Task prompt:
An exact reproduction of the records is required, with all images left out.

Record set:
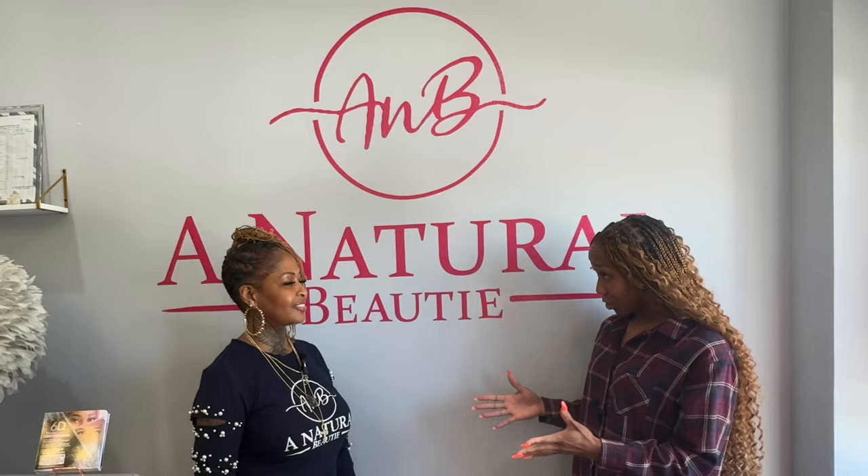What's up everybody? It's your girl Indescribable, and I am hanging out with Lisa at A Natural Beauty. Tell us who you are and what it is that you do. My name is Lisa B. I am the Brow Queen of Atlanta. I am a Master Brow Artist and a Master Brow Trainer, and I only do ombre micro-shading eyebrows. You can find me on Instagram, Facebook, and TikTok at A Natural Beauty No. 1. You can find me at 5000 Winter Chapel Road, Atlanta, Georgia, Suite No. 3, 30360. Thank you so much for allowing me to hang out in your wonderful suite — y'all make sure you hit up Lisa at A Natural Beauty on all social media platforms. Come get your brows slayed!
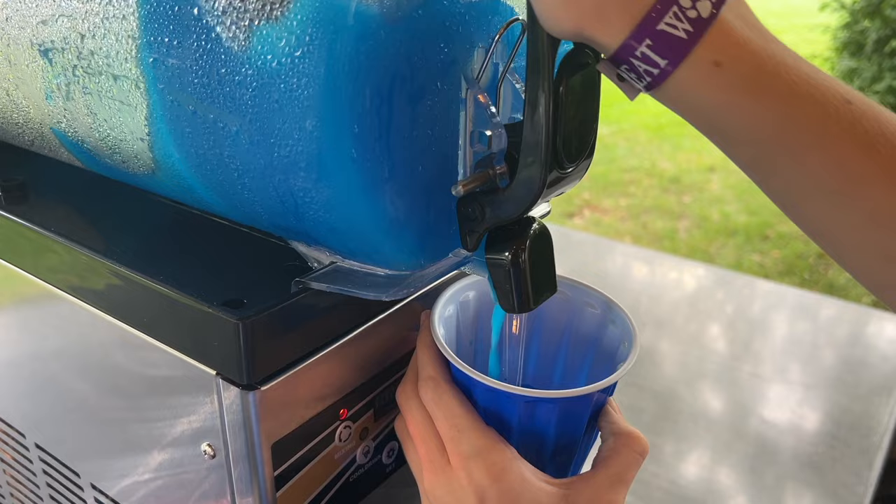What's the coolest thing you could add to your outdoor kitchen that will guarantee that your kids will want to spend more time outdoors? It turns out slushy machines aren't just for gas stations anymore.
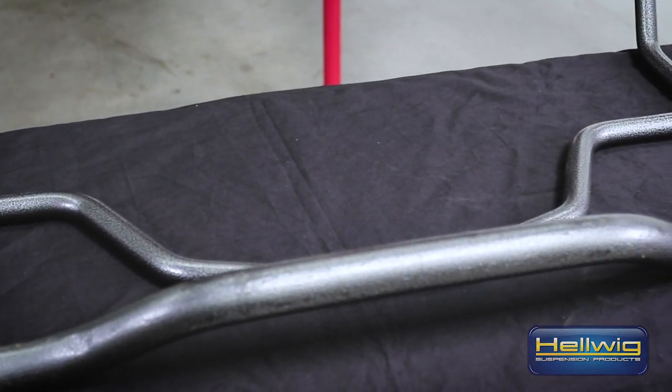Good day, I'm Mike from Hellwig. Today we're here doing an install on our front and rear sway bars for the 2016 F-150 two-wheel drive and four-wheel drive.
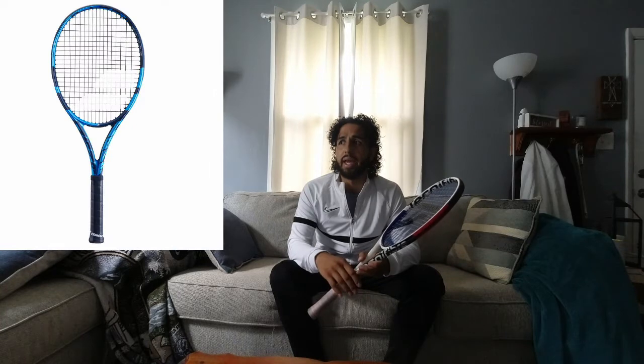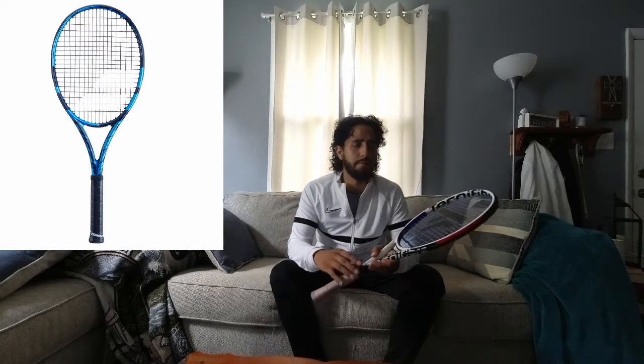As many of you know, lots of racket companies are releasing new generations of their racket lines. The Wilson Blade being the most recent, just before that the Yonex VCore Pro. Earlier this calendar year, the Head Radical. Babolat Pure Drive is new, and Dunlop CX, among many others.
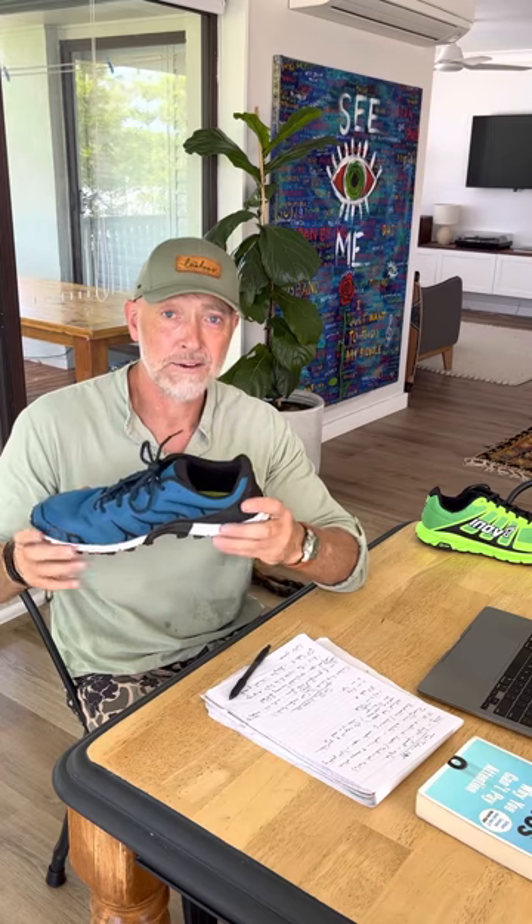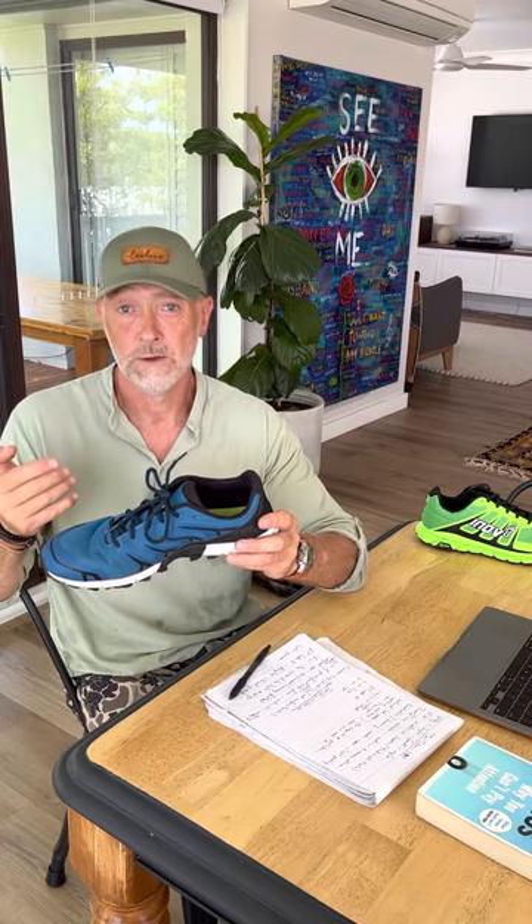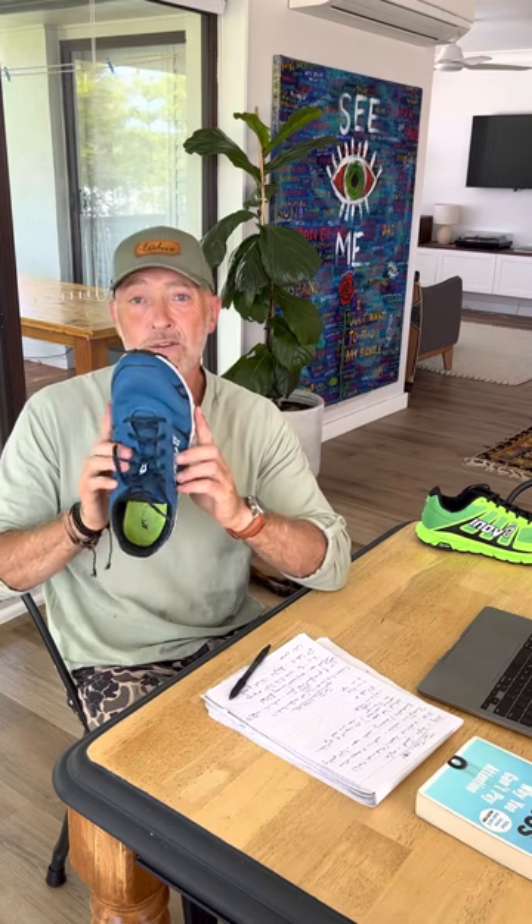Above the outsole is the Inov8 Power Flow. The Power Flow is a midsole which is not only nice and cushy but has superior rebound. A lot of midsoles compress and stay compressed, which means you lose some of the cushiness and protection, and it's giving you nothing back. The Power Flow is all about giving you great rebound, so you're actually getting some of that energy back as you load and come into contact with the ground - it's springing it back and helping you use less energy through each step.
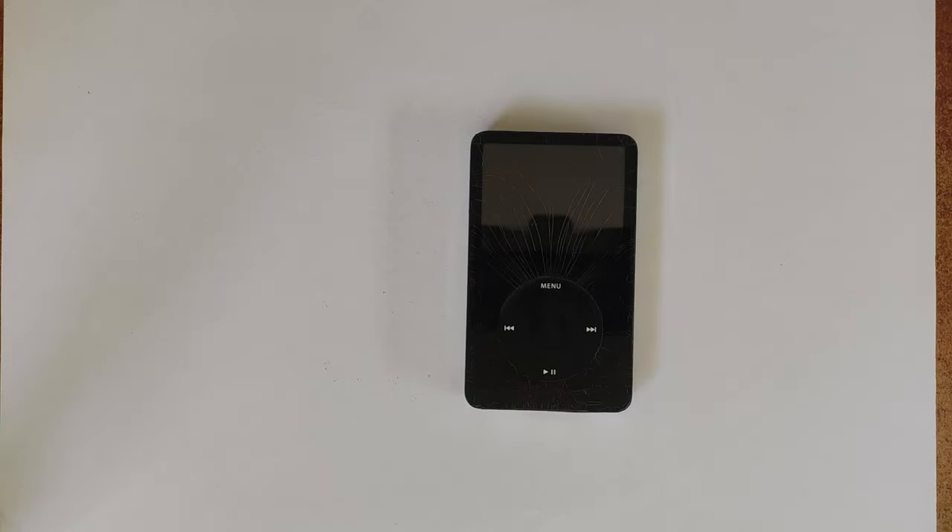Hello and welcome. In this video we'll be doing the ultimate repair guide for the iPod Classic fifth gen. This is probably one of, if not the easiest iPods to fix. Pretty much the only thing you can stuff up is snapping off the battery connector, and that's about it.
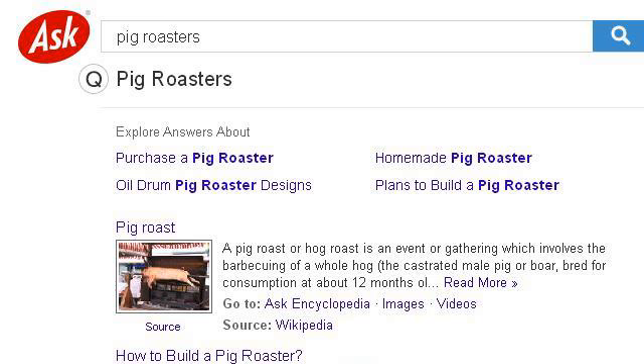Try also our second-ranked site 0.r.msn.com, especially the page Pig Roasters. Here's the link.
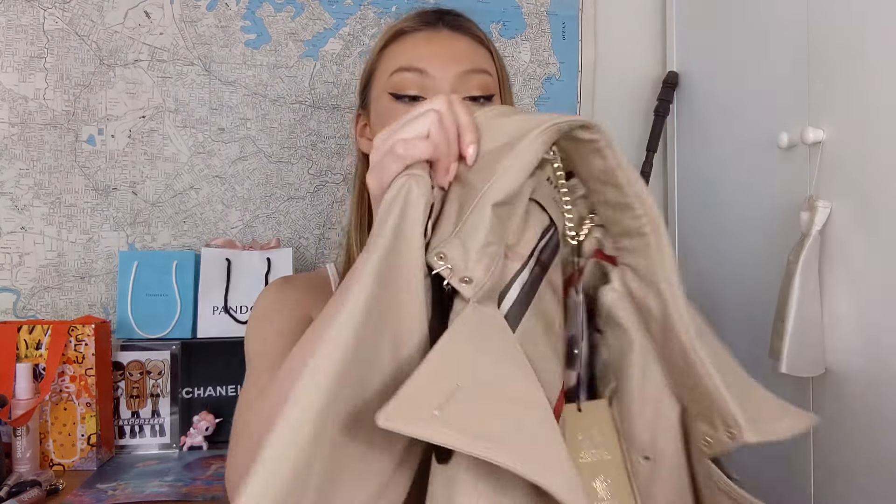I'll show you the jacket now. I'll show you all the details and then I'll try it on at the end so you can see what it looks like on my frame. I chose this color — they have a load of different colors and sizes on this seller's link, though they are all the same length. At the top, it has this little chain with the sizes: UK size 4, USA size 2, Italy size 36, and German size 32.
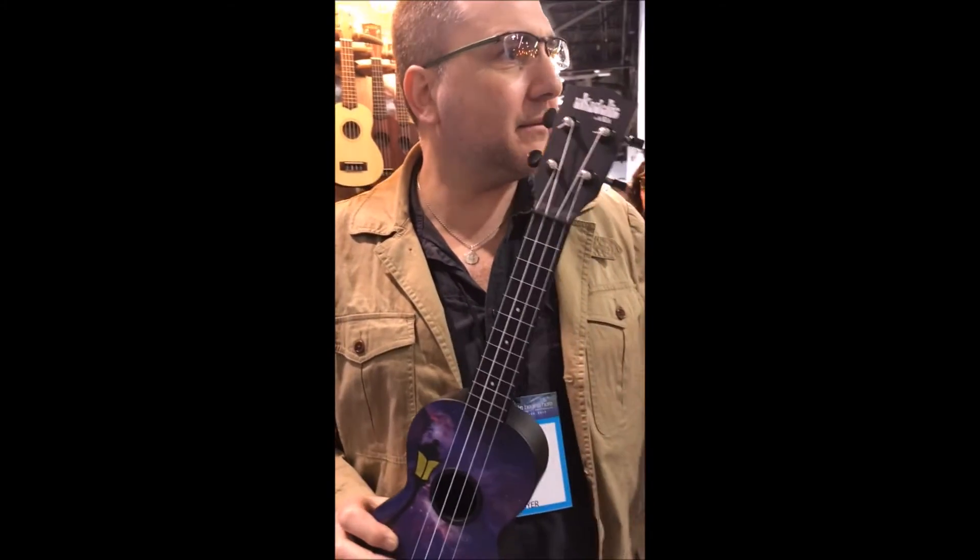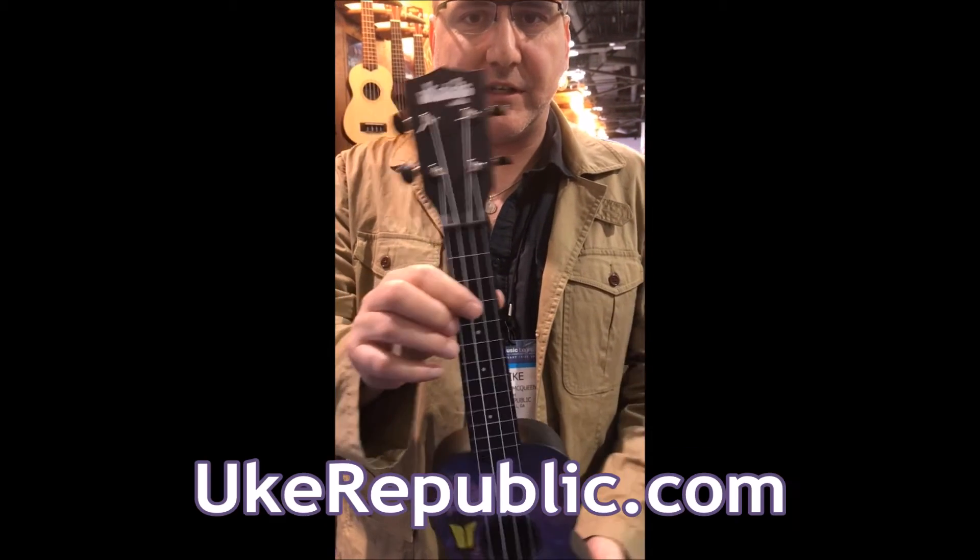Available February! Coming out in February. Get yours at UkeRepublic.com.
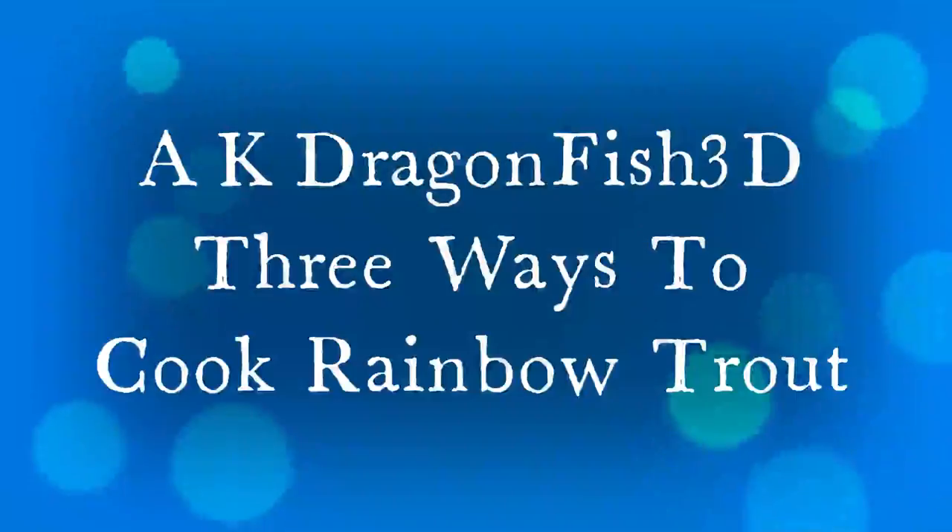Alright everyone, it's Mr. John from AK Dragonfish 3D. Today we're back at Cushman. Today's video is all about catching cook. But first, we gotta go catch some. So let's get to it.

Answer to the problem:
What's up everybody? It's your girl Indescribable, and I am hanging out with Lisa at A Natural Beauty. Tell us who you are and what it is that you do. My name is Lisa B. I am the Brow Queen of Atlanta. I am a Master Brow Artist and a Master Brow Trainer, and I only do ombre micro-shading eyebrows. You can find me on Instagram, Facebook, and TikTok at A Natural Beauty No. 1. You can find me at 5000 Winter Chapel Road, Atlanta, Georgia, Suite No. 3, 30360. Thank you so much for allowing me to hang out in your wonderful suite — y'all make sure you hit up Lisa at A Natural Beauty on all social media platforms. Come get your brows slayed!
What's the coolest thing you could add to your outdoor kitchen that will guarantee that your kids will want to spend more time outdoors? It turns out slushy machines aren't just for gas stations anymore.
Good day, I'm Mike from Hellwig. Today we're here doing an install on our front and rear sway bars for the 2016 F-150 two-wheel drive and four-wheel drive.
As many of you know, lots of racket companies are releasing new generations of their racket lines. The Wilson Blade being the most recent, just before that the Yonex VCore Pro. Earlier this calendar year, the Head Radical. Babolat Pure Drive is new, and Dunlop CX, among many others.
Above the outsole is the Inov8 Power Flow. The Power Flow is a midsole which is not only nice and cushy but has superior rebound. A lot of midsoles compress and stay compressed, which means you lose some of the cushiness and protection, and it's giving you nothing back. The Power Flow is all about giving you great rebound, so you're actually getting some of that energy back as you load and come into contact with the ground - it's springing it back and helping you use less energy through each step.
Hello and welcome. In this video we'll be doing the ultimate repair guide for the iPod Classic fifth gen. This is probably one of, if not the easiest iPods to fix. Pretty much the only thing you can stuff up is snapping off the battery connector, and that's about it.
Try also our second-ranked site 0.r.msn.com, especially the page Pig Roasters. Here's the link.
I'll show you the jacket now. I'll show you all the details and then I'll try it on at the end so you can see what it looks like on my frame. I chose this color — they have a load of different colors and sizes on this seller's link, though they are all the same length. At the top, it has this little chain with the sizes: UK size 4, USA size 2, Italy size 36, and German size 32.
Available February! Coming out in February. Get yours at UkeRepublic.com.
Alright everyone, it's Mr. John from AK Dragonfish 3D. Today we're back at Cushman. Today's video is all about catching cook. But first, we gotta go catch some. So let's get to it.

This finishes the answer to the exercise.